**PROBLEM REQUIREMENTS:** Reprint the listing. Every line must match the original exactly.

**RECORDS TO USE:**
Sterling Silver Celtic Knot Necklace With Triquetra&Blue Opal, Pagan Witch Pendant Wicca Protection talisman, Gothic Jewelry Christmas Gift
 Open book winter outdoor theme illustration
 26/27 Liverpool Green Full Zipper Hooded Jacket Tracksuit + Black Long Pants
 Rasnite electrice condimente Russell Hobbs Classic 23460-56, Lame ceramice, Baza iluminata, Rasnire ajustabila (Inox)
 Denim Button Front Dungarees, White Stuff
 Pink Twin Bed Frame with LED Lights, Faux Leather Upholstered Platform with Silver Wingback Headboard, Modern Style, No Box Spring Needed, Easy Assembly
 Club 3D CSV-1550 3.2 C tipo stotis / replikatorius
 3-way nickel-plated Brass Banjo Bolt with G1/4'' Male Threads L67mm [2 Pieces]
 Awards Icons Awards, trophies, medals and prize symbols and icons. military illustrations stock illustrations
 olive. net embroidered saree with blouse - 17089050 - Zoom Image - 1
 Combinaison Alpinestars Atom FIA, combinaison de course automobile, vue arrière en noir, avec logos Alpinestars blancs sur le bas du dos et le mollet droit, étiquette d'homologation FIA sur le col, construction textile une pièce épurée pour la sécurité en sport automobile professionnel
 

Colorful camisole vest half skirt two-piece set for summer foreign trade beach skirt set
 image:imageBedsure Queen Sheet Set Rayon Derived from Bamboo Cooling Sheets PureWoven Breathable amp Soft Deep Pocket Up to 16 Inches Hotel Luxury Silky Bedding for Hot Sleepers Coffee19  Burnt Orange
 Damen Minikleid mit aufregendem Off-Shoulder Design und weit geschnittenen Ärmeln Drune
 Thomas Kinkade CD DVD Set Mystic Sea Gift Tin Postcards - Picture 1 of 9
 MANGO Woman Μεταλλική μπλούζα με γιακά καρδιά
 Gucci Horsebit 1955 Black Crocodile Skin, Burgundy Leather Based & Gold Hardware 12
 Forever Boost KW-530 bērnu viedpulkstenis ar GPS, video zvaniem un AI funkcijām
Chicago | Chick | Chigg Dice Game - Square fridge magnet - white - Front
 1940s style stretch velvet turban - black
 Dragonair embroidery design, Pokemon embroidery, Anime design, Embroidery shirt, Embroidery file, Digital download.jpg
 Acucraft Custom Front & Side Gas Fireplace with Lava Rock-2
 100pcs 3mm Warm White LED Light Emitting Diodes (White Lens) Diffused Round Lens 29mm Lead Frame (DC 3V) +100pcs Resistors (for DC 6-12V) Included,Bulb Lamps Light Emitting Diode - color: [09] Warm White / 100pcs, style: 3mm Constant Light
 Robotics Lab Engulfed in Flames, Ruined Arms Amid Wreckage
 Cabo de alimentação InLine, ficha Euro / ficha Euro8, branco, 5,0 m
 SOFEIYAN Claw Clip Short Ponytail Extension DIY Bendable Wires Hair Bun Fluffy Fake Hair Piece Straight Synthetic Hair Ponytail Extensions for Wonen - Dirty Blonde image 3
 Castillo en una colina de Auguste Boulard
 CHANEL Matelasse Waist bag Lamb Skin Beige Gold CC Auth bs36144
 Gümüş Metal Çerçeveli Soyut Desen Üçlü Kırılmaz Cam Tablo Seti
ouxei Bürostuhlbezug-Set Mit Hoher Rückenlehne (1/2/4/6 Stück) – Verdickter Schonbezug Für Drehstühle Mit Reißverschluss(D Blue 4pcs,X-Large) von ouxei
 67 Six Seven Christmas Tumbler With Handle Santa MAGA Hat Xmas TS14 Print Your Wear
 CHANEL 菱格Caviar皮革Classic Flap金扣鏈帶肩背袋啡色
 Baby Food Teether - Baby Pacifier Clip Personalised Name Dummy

**ANSWER SECTION:**
Sterling Silver Celtic Knot Necklace With Triquetra&Blue Opal, Pagan Witch Pendant Wicca Protection talisman, Gothic Jewelry Christmas Gift
 Open book winter outdoor theme illustration
 26/27 Liverpool Green Full Zipper Hooded Jacket Tracksuit + Black Long Pants
 Rasnite electrice condimente Russell Hobbs Classic 23460-56, Lame ceramice, Baza iluminata, Rasnire ajustabila (Inox)
 Denim Button Front Dungarees, White Stuff
 Pink Twin Bed Frame with LED Lights, Faux Leather Upholstered Platform with Silver Wingback Headboard, Modern Style, No Box Spring Needed, Easy Assembly
 Club 3D CSV-1550 3.2 C tipo stotis / replikatorius
 3-way nickel-plated Brass Banjo Bolt with G1/4'' Male Threads L67mm [2 Pieces]
 Awards Icons Awards, trophies, medals and prize symbols and icons. military illustrations stock illustrations
 olive. net embroidered saree with blouse - 17089050 - Zoom Image - 1
 Combinaison Alpinestars Atom FIA, combinaison de course automobile, vue arrière en noir, avec logos Alpinestars blancs sur le bas du dos et le mollet droit, étiquette d'homologation FIA sur le col, construction textile une pièce épurée pour la sécurité en sport automobile professionnel
 

Colorful camisole vest half skirt two-piece set for summer foreign trade beach skirt set
 image:imageBedsure Queen Sheet Set Rayon Derived from Bamboo Cooling Sheets PureWoven Breathable amp Soft Deep Pocket Up to 16 Inches Hotel Luxury Silky Bedding for Hot Sleepers Coffee19  Burnt Orange
 Damen Minikleid mit aufregendem Off-Shoulder Design und weit geschnittenen Ärmeln Drune
 Thomas Kinkade CD DVD Set Mystic Sea Gift Tin Postcards - Picture 1 of 9
 MANGO Woman Μεταλλική μπλούζα με γιακά καρδιά
 Gucci Horsebit 1955 Black Crocodile Skin, Burgundy Leather Based & Gold Hardware 12
 Forever Boost KW-530 bērnu viedpulkstenis ar GPS, video zvaniem un AI funkcijām
Chicago | Chick | Chigg Dice Game - Square fridge magnet - white - Front
 1940s style stretch velvet turban - black
 Dragonair embroidery design, Pokemon embroidery, Anime design, Embroidery shirt, Embroidery file, Digital download.jpg
 Acucraft Custom Front & Side Gas Fireplace with Lava Rock-2
 100pcs 3mm Warm White LED Light Emitting Diodes (White Lens) Diffused Round Lens 29mm Lead Frame (DC 3V) +100pcs Resistors (for DC 6-12V) Included,Bulb Lamps Light Emitting Diode - color: [09] Warm White / 100pcs, style: 3mm Constant Light
 Robotics Lab Engulfed in Flames, Ruined Arms Amid Wreckage
 Cabo de alimentação InLine, ficha Euro / ficha Euro8, branco, 5,0 m
 SOFEIYAN Claw Clip Short Ponytail Extension DIY Bendable Wires Hair Bun Fluffy Fake Hair Piece Straight Synthetic Hair Ponytail Extensions for Wonen - Dirty Blonde image 3
 Castillo en una colina de Auguste Boulard
 CHANEL Matelasse Waist bag Lamb Skin Beige Gold CC Auth bs36144
 Gümüş Metal Çerçeveli Soyut Desen Üçlü Kırılmaz Cam Tablo Seti
ouxei Bürostuhlbezug-Set Mit Hoher Rückenlehne (1/2/4/6 Stück) – Verdickter Schonbezug Für Drehstühle Mit Reißverschluss(D Blue 4pcs,X-Large) von ouxei
 67 Six Seven Christmas Tumbler With Handle Santa MAGA Hat Xmas TS14 Print Your Wear
 CHANEL 菱格Caviar皮革Classic Flap金扣鏈帶肩背袋啡色
 Baby Food Teether - Baby Pacifier Clip Personalised Name Dummy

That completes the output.